Is the output nonlin_arr, nonlin_raw in the NonLinearity class?

Should I add headers, csv_lines and means_min_max as new data arrays?

I found this from above link "you should put those outputs into the KGain object header, and where appropriate (e.g. for an array of values) add an extension HDU for arrays, like the PTC (including useful headerwords about the content of the extension, and a name, per the developer guidelines)."

hsergi commented 4 months ago

Summary of the PR above (I may have missed something)

To-do

1/ Max’s comment in the PR: I think (but I'm not 100% sure) that nonlin_tableTVAC.txt might be able to replace the existing nonlin_sample.csv and associated fits file. This is a nice-to-have not a full requirement in order to keep the number of test_data files as small as possible: https://github.com/roman-corgi/corgidrp/pull/116#pullrequestreview-2163979641:

2/ Sergi. Return single object for Non-linearity. Confirmation/questions for Max: https://github.com/roman-corgi/corgidrp/pull/116#issuecomment-2243517984

3/ Sergi. Check plots/results

Future work?

1/ actual_gain_array: https://github.com/roman-corgi/corgidrp/pull/116#discussion_r1669132879:

2/ ROI regions: A future PR (or this one possibly) could implement the use of detector_areas and slice_section, tools in detector.py for that instead of relying on the offset_roi parameters. (Kevin): https://github.com/roman-corgi/corgidrp/pull/116#discussion_r1674701793

3/ (Kgain error is now part of Kgain. Not sure this is necessary any longer)An error for the k gain could be obtained and put into an err of the NonLinearityCalibration class instantiation that makes the calibration product. That would require more than a mere port of this code, but I don't think it wouldn't be too hard to implement. I didn't know how precise we wanted to be with that. Perhaps that could be made a GitHub issue as a possible enhancement?: https://github.com/roman-corgi/corgidrp/pull/116#discussion_r1651599405

4/ Add readout noise estimation to KGain: https://github.com/roman-corgi/corgidrp/issues/135

semaphoreP commented 4 months ago

Hi Sergi, as mentioned on slack, the input to NonLinearityCalibration is the np.vstack((header,nonlin_arr))

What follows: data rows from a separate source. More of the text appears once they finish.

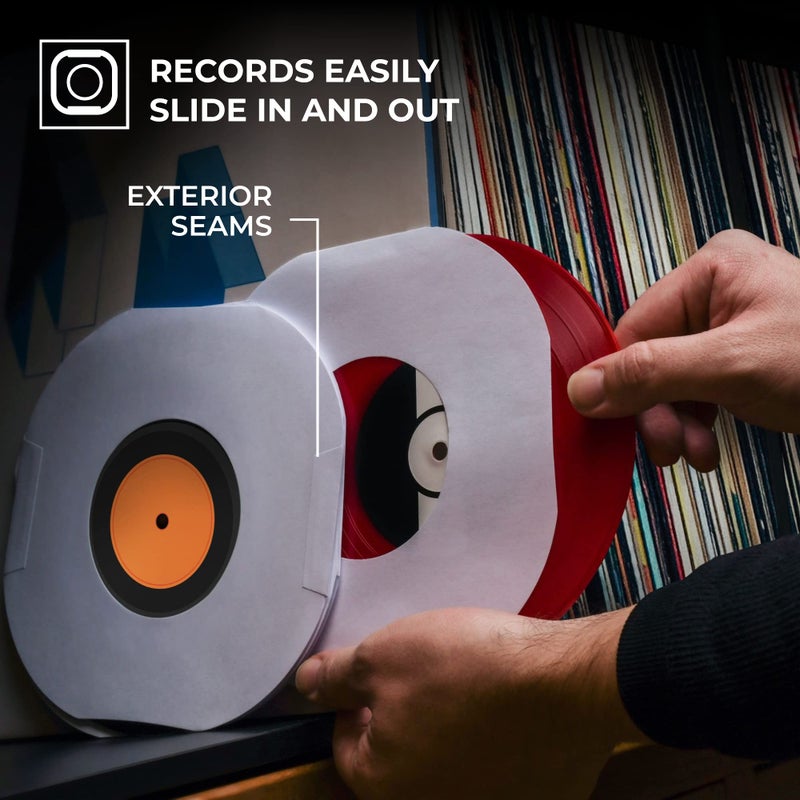 BIG FUDGE Vinyl Record Inner Sleeves 25x | Made from Heavyweight & Acid Free Paper | Album Covers with Round Corners for Easy Insert | Slim Record Jackets to Protect Your LPs & Singles | 7" - Image 2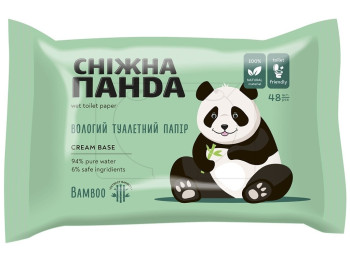 Влажная туалетная бумага Сніжна панда Bamboo Cream, 48шт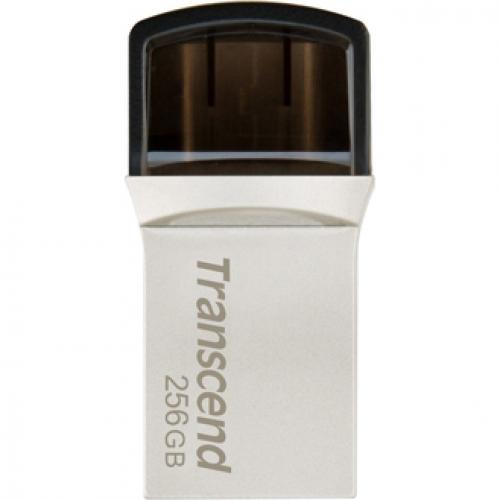 Transcend TS256GJF890S Android備品向けUSB記憶装置 USB Type-A/Type-Cのデュアルコネクタ USB5Gbps 256GB しろがね色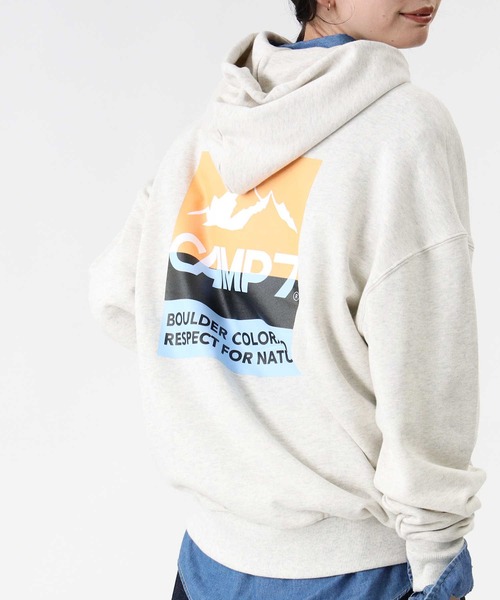 CAMP7(キャンプセブン)の「【CAMP7】バイカラーバックロゴスウェットパーカー(パーカー・レディース・ベージュ/ネイビー/オフホワイト・S/M/L)」の8枚目の写真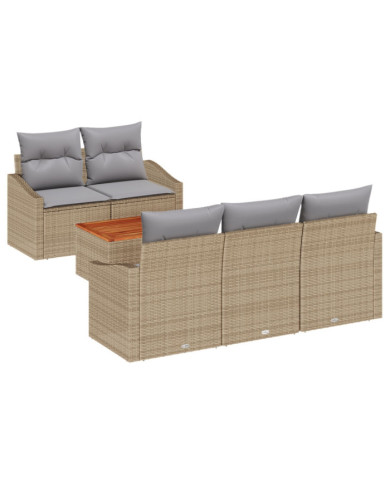 Ensemble de Canapés de Jardin 6 Pièces avec Coussins Beige en Poly Rattan Acacia | Mobilier & Déco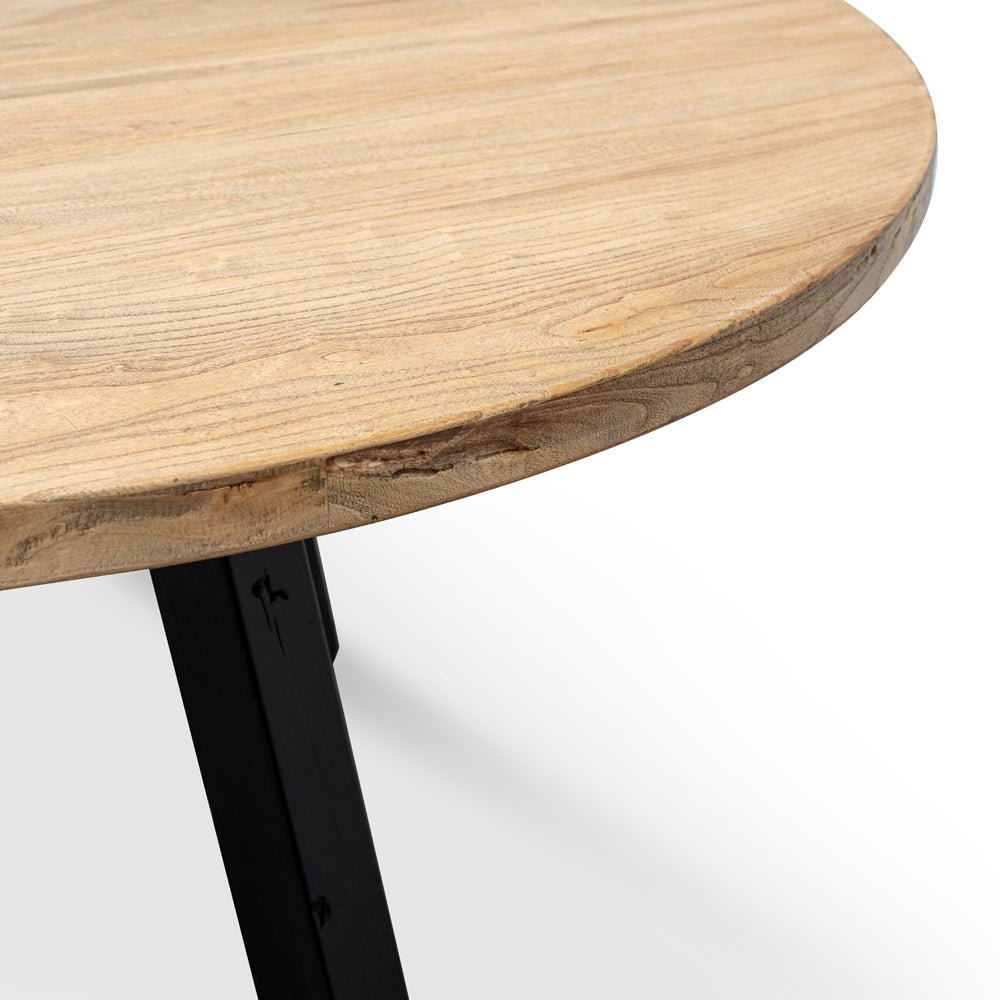 Richmond Reclaimed 1.25m Round Dining Table - Black Legs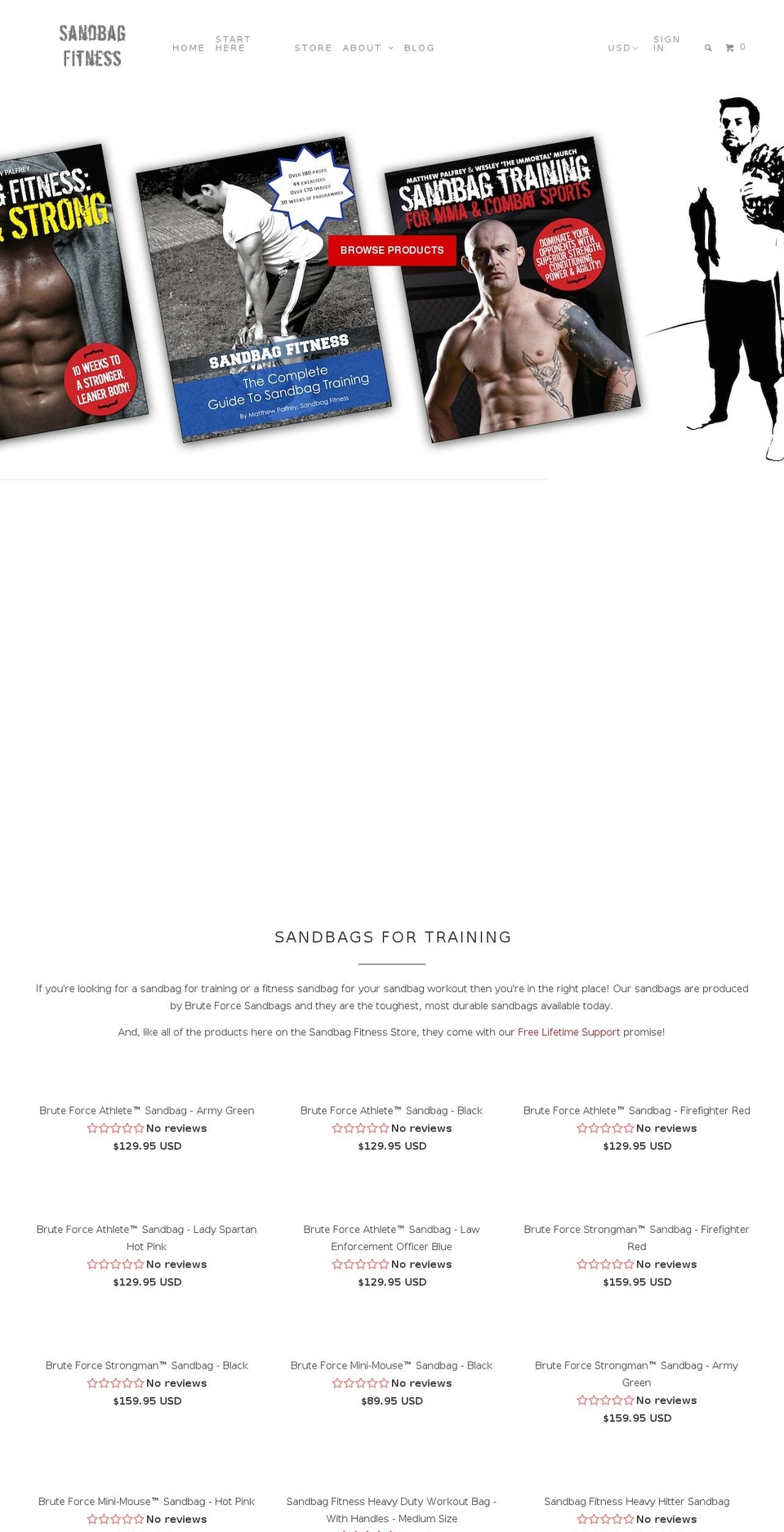 sandbagstrengthdvd.com shopify website screenshot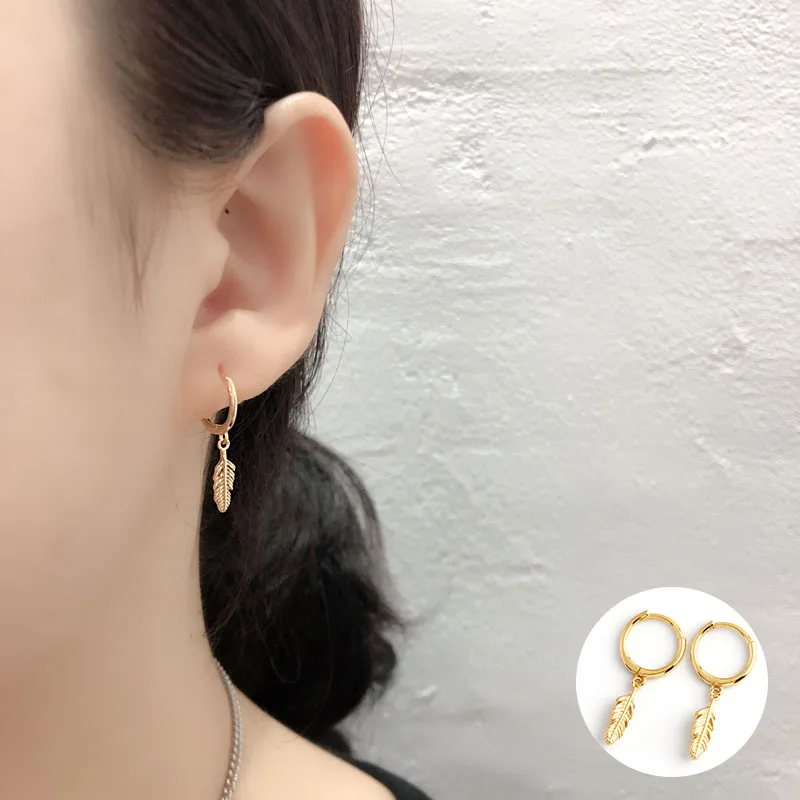 

100% 925 Sterling Silver Gold Feather Earrings for Women Girl Fashion Leaf Design Jewelry Birthday Gift Dropshipping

hsergi commented 4 months ago

New comment from @maxwellmb: "one useful thing to do for both K-gain and NL would be to define in the docstring the detailed info about the expectation on the input data: For Example - What previous steps have been run? Is it L1, L2a, or is it L2a, but with a skipped step. You could take a look at Kevin’s Docstring for the NoiseMaps."

maxwellmb commented 4 months ago

@kjl0025 I think you need to approve here too since at some point you "Requested changes"

kjl0025 commented 3 months ago

And the nonlin code currently does not have an err output yet, but I believe Sergi made an issue for that for a future pull request (and it is also covered in Issue #124).